On Tuesday, JAMF priced 18 million shares at $26 each, after previously increasing the range to $21 to $23. The stock climbed as high as $51 on the Nasdaq, giving the company a market cap of about $5.9 billion. It was trading around $41 at midday.
It’s the latest tech IPO to soar, showing that investors continue to thirst for growth amid the coronavirus pandemic and that companies are still leaving hefty amounts of cash on the table as they go public. Tech IPOs have long been criticized for a process that lets bankers give underpriced stock to new investors, who often enjoy an immediate pop while the issuing company raises far less money than it could.

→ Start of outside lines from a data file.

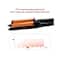 WINSTON 3 Barrel Deep Waving Machine Hair Waver Hair Styler 80W - Black Copper (1Pc)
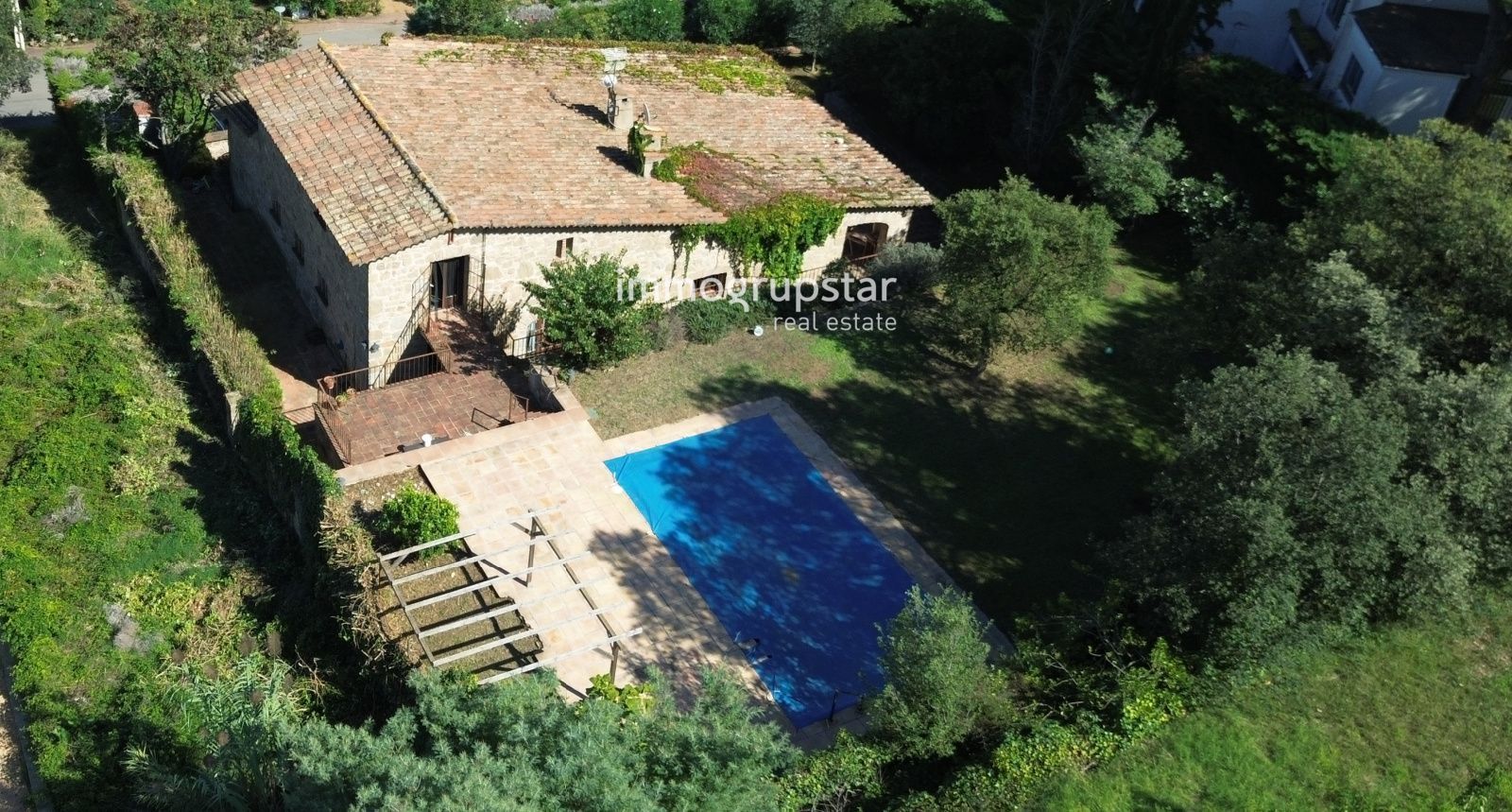 Exterior view of Country house for sale in Calonge i Sant Antoni  with Heating, Terrace and Storage room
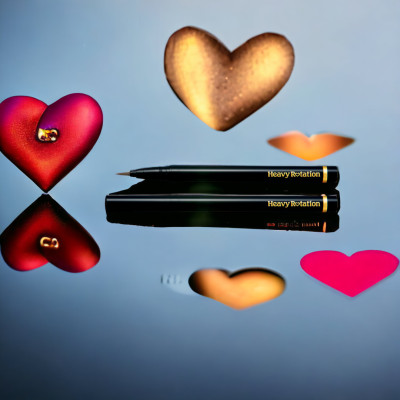 Bút Kẻ Chân Mày Bền Trong 24h Chống Thấm Nét Vẽ Siêu Mịn Kissme Heavy Rotation Tint Liquid Eyebrow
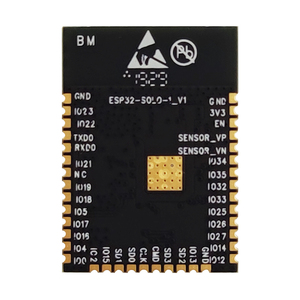 Originale ESP32 Wi-Fi BT BLE modulo MCU ESP32-SOLO-1 RX TXRX MOD WIFI TRACCIA ANT SMD - Product Image 3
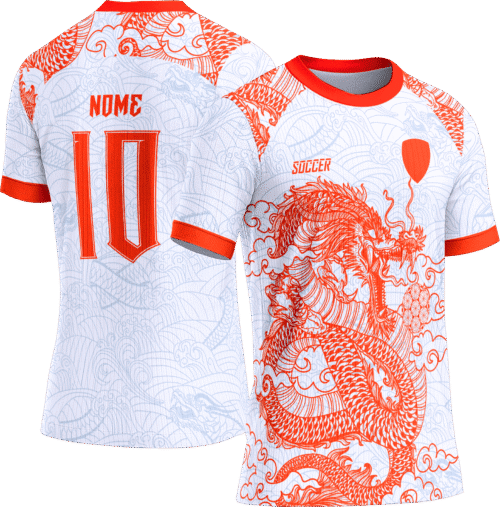 Arte Vetor Camisa Interclasse 103 Dragão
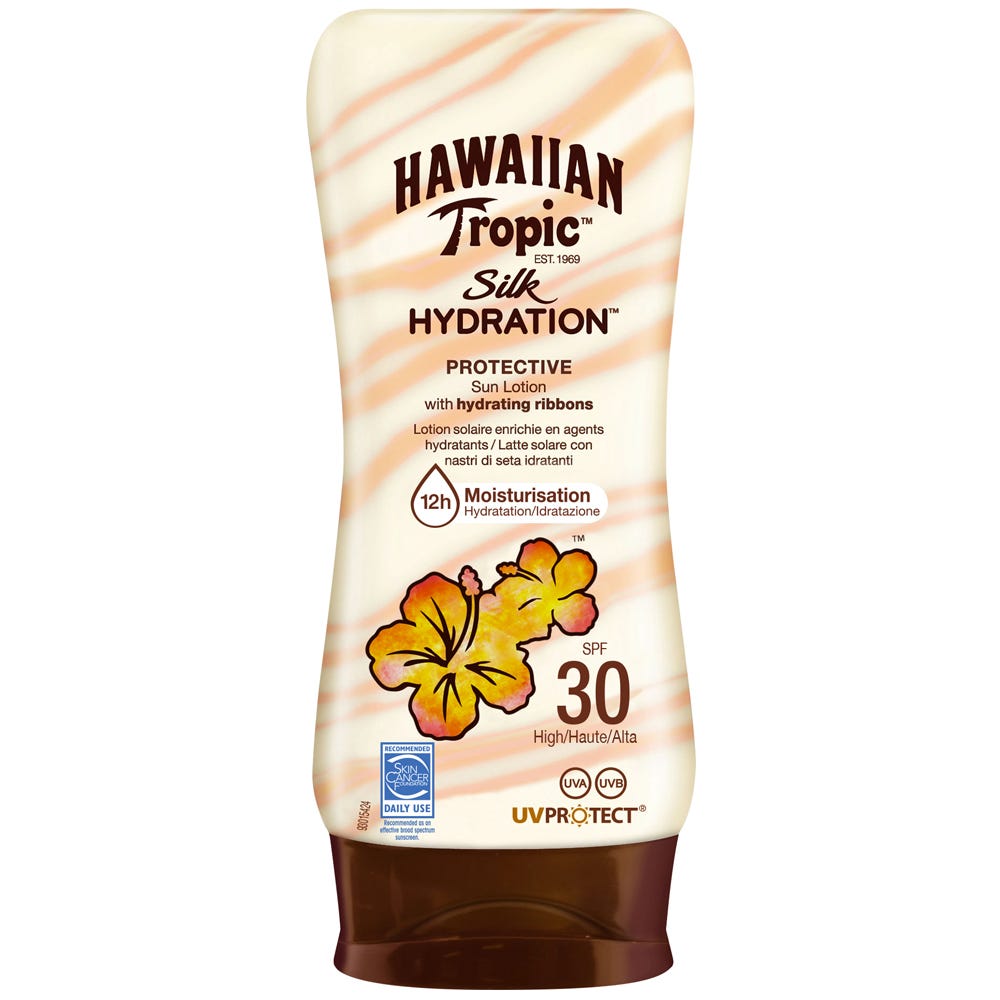 Hawaiian Tropic Silk Hydration Sun Lotion (SPF30) 180 ml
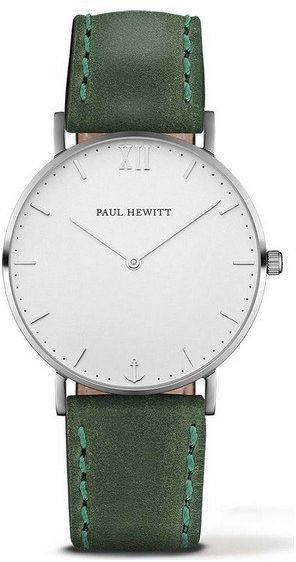 Paul Hewitt Zegarek Unisex PH-SA-S-ST-W-12S ( 39 mm) S0352129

Insurance tech company Lemonade jumped 139% in its first day of trading earlier this month, a week after Chinese cloud software provider Agora rose 150%.
Founded in 2002, JAMF’s says its mission is to “help organizations succeed with Apple,” the most valuable U.S. company with a market cap approaching $1.7 trillion.
JAMF helps companies securely deploy Mac computers, iPhones and iPads, connecting them together and giving IT teams the tools to manage them. In its prospectus, JAMF says it has 40,000 customers deploying more than 17 million Apple devices.
First-quarter revenue climbed 37% from a year ago, to $60.4 million, and JAMF’s gross margin rose to 75% from 70%, as more customers turned to its subscription offering. Its net loss narrowed slightly from $9 million to $8.3 million.
JAMF said that, with more people working remotely during the Covid-19 outbreak, the company is doing fewer in-person trainings and moving more sessions online, which is pulling down services revenue. However, more employers are transitioning to the subscription service, according to the prospectus.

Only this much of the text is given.